I never tell them what I see. I don’t want them to think I’m judging them, because I’m not. But when they tell me that I have their “body goal,” I smile and say, “And your kind personality is my life goal, darling.” Because it’s true. Beauty fades, bodies change, but the way we treat ourselves and others—that’s what stays.

I admire the overweight women I see walking fast when I jog. I silently cheer for them because I know that every step they take is a victory, a quiet rebellion against the judgment they face. And I wonder—what does it feel like to live in a body that the world constantly tells you is wrong? Women are taught from a young age that their bodies are projects, problems to be fixed, and the scale’s number is equal to body worth. Overwhelmingly sad indeed.

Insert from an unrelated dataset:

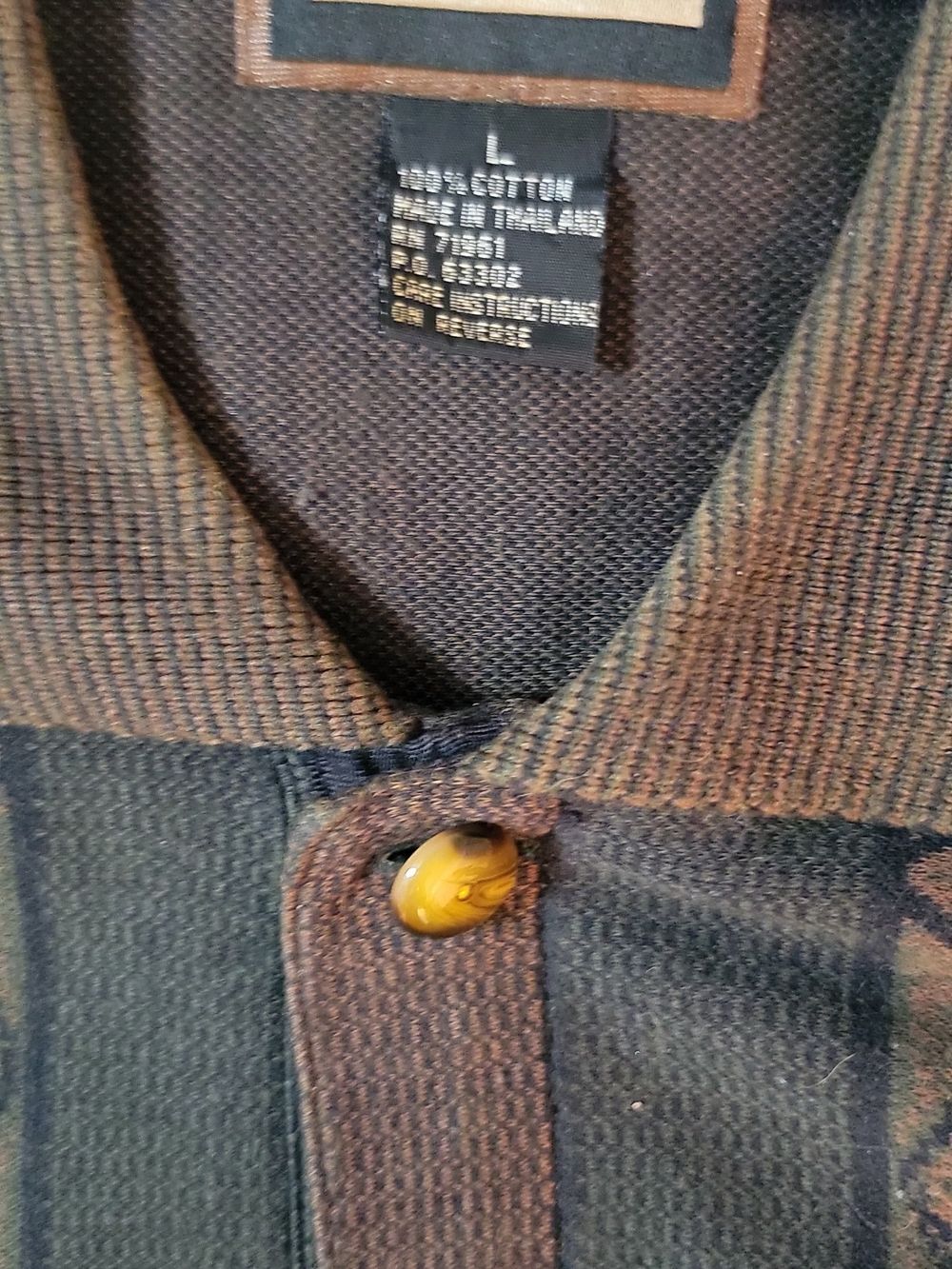 Stately BACHRACH Men's Long Sve Polo Earthy Brown Olive Black TigerS Eye But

But I’ve learned that self-acceptance is the real goal. When a woman is comfortable in her own skin, she shines in a way no beauty treatment or weight loss ever could. And that’s what I wish for all of us—not to chase an impossible ideal, but to find peace in our own skin, to be strong, healthy, and, most of all, kind to ourselves.

Our body is our home. It is also our only vessel while we are still on this earth. Please look at this home with a different perspective—don’t hate it, don’t fight it. Embrace this vessel with love. This is all we’ve got. And that, in itself, is enough.